Overall Delay Rate by Airline
Airline	Delayed	Total_Flights	Delay_Pct
ALASKA	501	3775	13.3
AM WEST	787	7225	10.9

ggplot(overall, aes(x = Airline, y = Pct, fill = Airline)) +
  geom_col(width = 0.5) +
  geom_text(aes(label = paste0(Pct, "%")), vjust = -0.5, size = 5) +
  scale_fill_manual(values = c("ALASKA" = "#0072B2", "AM WEST" = "#E69F00")) +
  labs(title = "Overall Delay Rate by Airline",
       x = NULL, y = "Delay Rate (%)") +
  theme_minimal(base_size = 13) +
  theme(legend.position = "none") +
  ylim(0, 20)

Finding: Overall, AM WEST has a lower delay rate (~11%) compared to Alaska Airlines (~13%). This might lead us to conclude AM WEST performs better — but city-level analysis tells a different story.

Step 5: City-by-City Delay Rate Comparison

city_rates <- df_long %>%
  group_by(Airline, City) %>%
  mutate(City_Total = sum(Count)) %>%
  filter(Status == "delayed") %>%
  mutate(Delay_Pct = round(100 * Count / City_Total, 1)) %>%
  select(Airline, City, Delayed = Count, City_Total, Delay_Pct)

knitr::kable(city_rates, caption = "Delay Rate by Airline and City")

Delay Rate by Airline and City
Airline	City	Delayed	City_Total	Delay_Pct
ALASKA	Los Angeles	62	559	11.1
ALASKA	Phoenix	12	233	5.2
ALASKA	San Diego	20	232	8.6
ALASKA	San Francisco	102	605	16.9
ALASKA	Seattle	305	2146	14.2
AM WEST	Los Angeles	117	811	14.4
AM WEST	Phoenix	415	5255	7.9
AM WEST	San Diego	65	448	14.5
AM WEST	San Francisco	129	449	28.7
AM WEST	Seattle	61	262	23.3

ggplot(city_rates, aes(x = City, y = Delay_Pct, fill = Airline)) +
  geom_col(position = "dodge") +
  geom_text(aes(label = paste0(Delay_Pct, "%")),
            position = position_dodge(width = 0.9), vjust = -0.4, size = 3.5) +
  scale_fill_manual(values = c("ALASKA" = "#0072B2", "AM WEST" = "#E69F00")) +
  labs(title = "Delay Rate by Airline and City",
       x = "Destination City", y = "Delay Rate (%)") +
  theme_minimal(base_size = 12) +
  theme(axis.text.x = element_text(angle = 20, hjust = 1))

Finding: In every single city, Alaska Airlines has a lower delay rate than AM WEST. This is the opposite of the overall comparison!

Step 6: Explaining the Discrepancy (Simpson’s Paradox)

# Show volume of flights per city per airline
volume <- df_long %>%
  group_by(Airline, City) %>%
  summarise(Flights = sum(Count), .groups = "drop") %>%
  pivot_wider(names_from = Airline, values_from = Flights)

knitr::kable(volume, caption = "Total Flights per City per Airline")

Total Flights per City per Airline
City	ALASKA	AM WEST
Los Angeles	559	811
Phoenix	233	5255
San Diego	232	448
San Francisco	605	449
Seattle	2146	262

This reversal is a classic example of Simpson’s Paradox — a phenomenon where a trend that appears in aggregated data disappears or reverses when the data is broken into subgroups.

Why does it happen here?

AM WEST flies heavily through Phoenix (4,840 + 415 = 5,255 flights), which has a relatively low delay rate (~8%).
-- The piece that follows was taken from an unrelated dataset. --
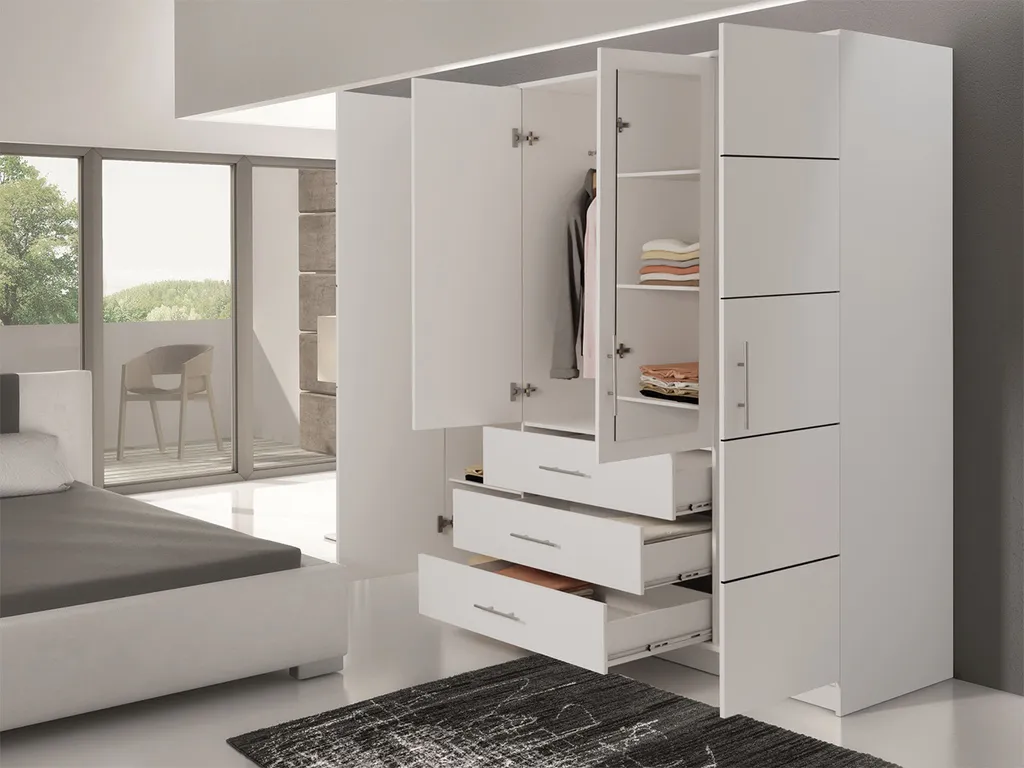 Mirjan24 Kleiderschrank Tytus D4, Drehtürenschrank, Garderobenschrank Mit Spiegel, Schlafzimmer (Farbe: Weiß) – Bild 4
This low-delay, high-volume hub drags AM WEST’s overall average down — making it look better overall.
Alaska Airlines flies most of its flights through Seattle (1,841 + 305 = 2,146 flights), which has a much higher delay rate (~14%). Seattle’s weather and congestion inflate Alaska’s overall delay average.
But when I compare the two airlines within each city, Alaska is consistently better.
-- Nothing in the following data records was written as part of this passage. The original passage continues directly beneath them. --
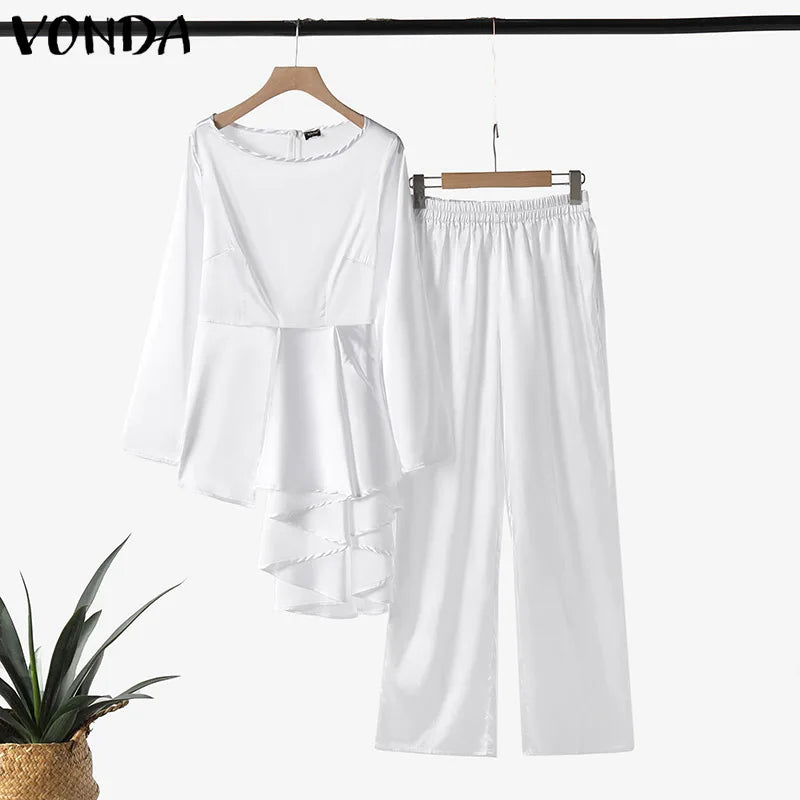 Plus Size VONDA 2024 Women Ruffled Sets Fashion Solid Color Suits Long Sleeve Irregular Top Patchwork Fitting Outfits 2pcs
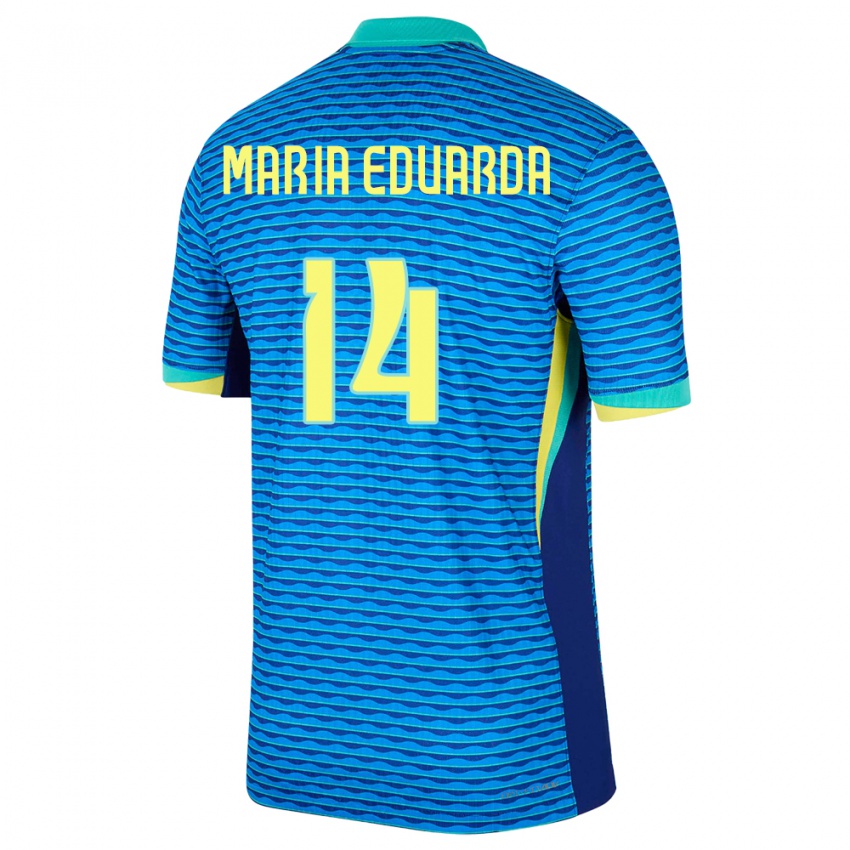 Kinder Brasilien Maria Eduarda #14 Blau Auswärtstrikot Trikot 24-26 T-Shirt Österreich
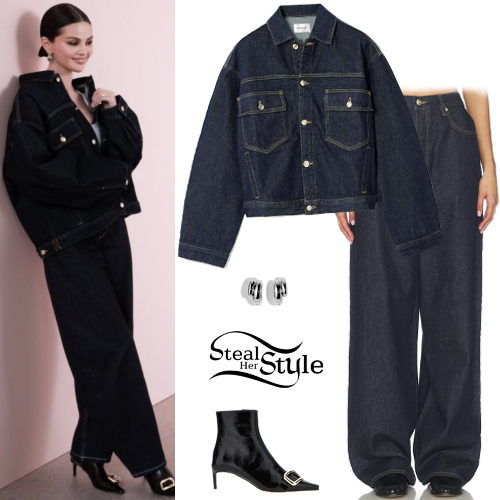 Dark Denim Boxy Jacket and Wide-Leg Jeans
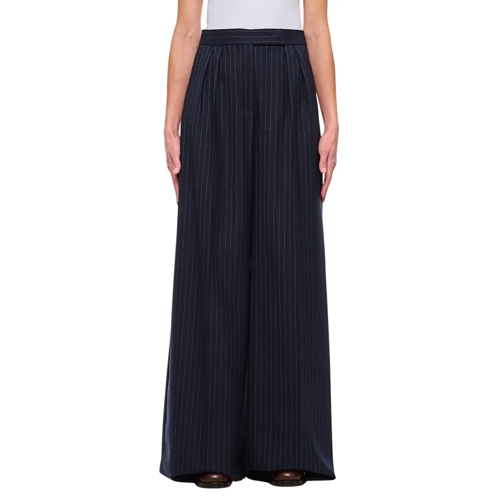 Max Mara  Bacca Wide Leg Pinstripe Pant Blue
Conclusion: AM WEST’s favorable overall delay rate is a statistical artifact of its route mix, not a genuine reflection of on-time performance. Alaska Airlines actually performs better at every individual destination. This example illustrates why it is critical to examine data at multiple levels of aggregation before drawing conclusions.